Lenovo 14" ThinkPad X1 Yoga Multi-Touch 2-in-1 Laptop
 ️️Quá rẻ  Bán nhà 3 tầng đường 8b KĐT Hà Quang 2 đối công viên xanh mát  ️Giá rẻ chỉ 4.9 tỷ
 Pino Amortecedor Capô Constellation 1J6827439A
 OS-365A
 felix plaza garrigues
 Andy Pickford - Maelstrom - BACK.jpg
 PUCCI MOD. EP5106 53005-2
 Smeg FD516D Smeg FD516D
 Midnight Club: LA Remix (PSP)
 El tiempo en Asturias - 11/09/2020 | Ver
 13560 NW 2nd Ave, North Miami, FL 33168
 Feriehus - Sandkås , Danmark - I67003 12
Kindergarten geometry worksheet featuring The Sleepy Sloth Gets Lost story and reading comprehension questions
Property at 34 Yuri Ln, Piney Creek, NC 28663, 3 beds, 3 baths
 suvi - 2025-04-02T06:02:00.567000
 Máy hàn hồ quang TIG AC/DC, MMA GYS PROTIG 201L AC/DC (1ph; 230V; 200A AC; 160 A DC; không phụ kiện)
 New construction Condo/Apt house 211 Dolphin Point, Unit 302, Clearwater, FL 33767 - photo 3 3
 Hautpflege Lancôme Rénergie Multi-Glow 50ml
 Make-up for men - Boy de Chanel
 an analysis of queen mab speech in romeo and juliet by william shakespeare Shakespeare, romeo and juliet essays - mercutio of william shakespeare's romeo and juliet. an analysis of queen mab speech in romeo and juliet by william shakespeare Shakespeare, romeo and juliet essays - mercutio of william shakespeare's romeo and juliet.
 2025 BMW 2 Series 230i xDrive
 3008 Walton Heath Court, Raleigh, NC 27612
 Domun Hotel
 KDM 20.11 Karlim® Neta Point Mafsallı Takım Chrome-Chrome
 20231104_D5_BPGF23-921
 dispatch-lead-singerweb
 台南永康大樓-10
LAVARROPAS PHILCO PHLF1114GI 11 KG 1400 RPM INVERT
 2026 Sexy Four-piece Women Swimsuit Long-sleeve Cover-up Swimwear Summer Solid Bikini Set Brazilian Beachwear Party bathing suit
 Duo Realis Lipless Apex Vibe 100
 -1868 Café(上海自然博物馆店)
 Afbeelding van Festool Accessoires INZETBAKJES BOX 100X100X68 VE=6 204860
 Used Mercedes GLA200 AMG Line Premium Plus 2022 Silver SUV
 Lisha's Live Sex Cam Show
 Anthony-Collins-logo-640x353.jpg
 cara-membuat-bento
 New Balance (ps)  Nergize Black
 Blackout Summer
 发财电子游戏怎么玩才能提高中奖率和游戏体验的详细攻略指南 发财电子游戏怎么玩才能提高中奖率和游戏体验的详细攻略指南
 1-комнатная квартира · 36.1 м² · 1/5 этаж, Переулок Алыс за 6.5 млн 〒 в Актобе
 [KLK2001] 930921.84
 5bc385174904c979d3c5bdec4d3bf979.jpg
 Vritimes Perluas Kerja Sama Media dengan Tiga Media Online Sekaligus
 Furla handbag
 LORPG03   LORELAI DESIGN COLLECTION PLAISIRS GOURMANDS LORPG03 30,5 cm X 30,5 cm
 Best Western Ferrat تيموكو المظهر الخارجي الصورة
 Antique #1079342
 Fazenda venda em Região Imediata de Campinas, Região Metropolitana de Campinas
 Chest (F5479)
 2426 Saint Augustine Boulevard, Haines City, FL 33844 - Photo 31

---------------

Exercise requirements - The material must be duplicated in full, with each line kept exact.

Response area -
Lenovo 14" ThinkPad X1 Yoga Multi-Touch 2-in-1 Laptop
 ️️Quá rẻ  Bán nhà 3 tầng đường 8b KĐT Hà Quang 2 đối công viên xanh mát  ️Giá rẻ chỉ 4.9 tỷ
 Pino Amortecedor Capô Constellation 1J6827439A
 OS-365A
 felix plaza garrigues
 Andy Pickford - Maelstrom - BACK.jpg
 PUCCI MOD. EP5106 53005-2
 Smeg FD516D Smeg FD516D
 Midnight Club: LA Remix (PSP)
 El tiempo en Asturias - 11/09/2020 | Ver
 13560 NW 2nd Ave, North Miami, FL 33168
 Feriehus - Sandkås , Danmark - I67003 12
Kindergarten geometry worksheet featuring The Sleepy Sloth Gets Lost story and reading comprehension questions
Property at 34 Yuri Ln, Piney Creek, NC 28663, 3 beds, 3 baths
 suvi - 2025-04-02T06:02:00.567000
 Máy hàn hồ quang TIG AC/DC, MMA GYS PROTIG 201L AC/DC (1ph; 230V; 200A AC; 160 A DC; không phụ kiện)
 New construction Condo/Apt house 211 Dolphin Point, Unit 302, Clearwater, FL 33767 - photo 3 3
 Hautpflege Lancôme Rénergie Multi-Glow 50ml
 Make-up for men - Boy de Chanel
 an analysis of queen mab speech in romeo and juliet by william shakespeare Shakespeare, romeo and juliet essays - mercutio of william shakespeare's romeo and juliet. an analysis of queen mab speech in romeo and juliet by william shakespeare Shakespeare, romeo and juliet essays - mercutio of william shakespeare's romeo and juliet.
 2025 BMW 2 Series 230i xDrive
 3008 Walton Heath Court, Raleigh, NC 27612
 Domun Hotel
 KDM 20.11 Karlim® Neta Point Mafsallı Takım Chrome-Chrome
 20231104_D5_BPGF23-921
 dispatch-lead-singerweb
 台南永康大樓-10
LAVARROPAS PHILCO PHLF1114GI 11 KG 1400 RPM INVERT
 2026 Sexy Four-piece Women Swimsuit Long-sleeve Cover-up Swimwear Summer Solid Bikini Set Brazilian Beachwear Party bathing suit
 Duo Realis Lipless Apex Vibe 100
 -1868 Café(上海自然博物馆店)
 Afbeelding van Festool Accessoires INZETBAKJES BOX 100X100X68 VE=6 204860
 Used Mercedes GLA200 AMG Line Premium Plus 2022 Silver SUV
 Lisha's Live Sex Cam Show
 Anthony-Collins-logo-640x353.jpg
 cara-membuat-bento
 New Balance (ps)  Nergize Black
 Blackout Summer
 发财电子游戏怎么玩才能提高中奖率和游戏体验的详细攻略指南 发财电子游戏怎么玩才能提高中奖率和游戏体验的详细攻略指南
 1-комнатная квартира · 36.1 м² · 1/5 этаж, Переулок Алыс за 6.5 млн 〒 в Актобе
 [KLK2001] 930921.84
 5bc385174904c979d3c5bdec4d3bf979.jpg
 Vritimes Perluas Kerja Sama Media dengan Tiga Media Online Sekaligus
 Furla handbag
 LORPG03   LORELAI DESIGN COLLECTION PLAISIRS GOURMANDS LORPG03 30,5 cm X 30,5 cm
 Best Western Ferrat تيموكو المظهر الخارجي الصورة
 Antique #1079342
 Fazenda venda em Região Imediata de Campinas, Região Metropolitana de Campinas
 Chest (F5479)
 2426 Saint Augustine Boulevard, Haines City, FL 33844 - Photo 31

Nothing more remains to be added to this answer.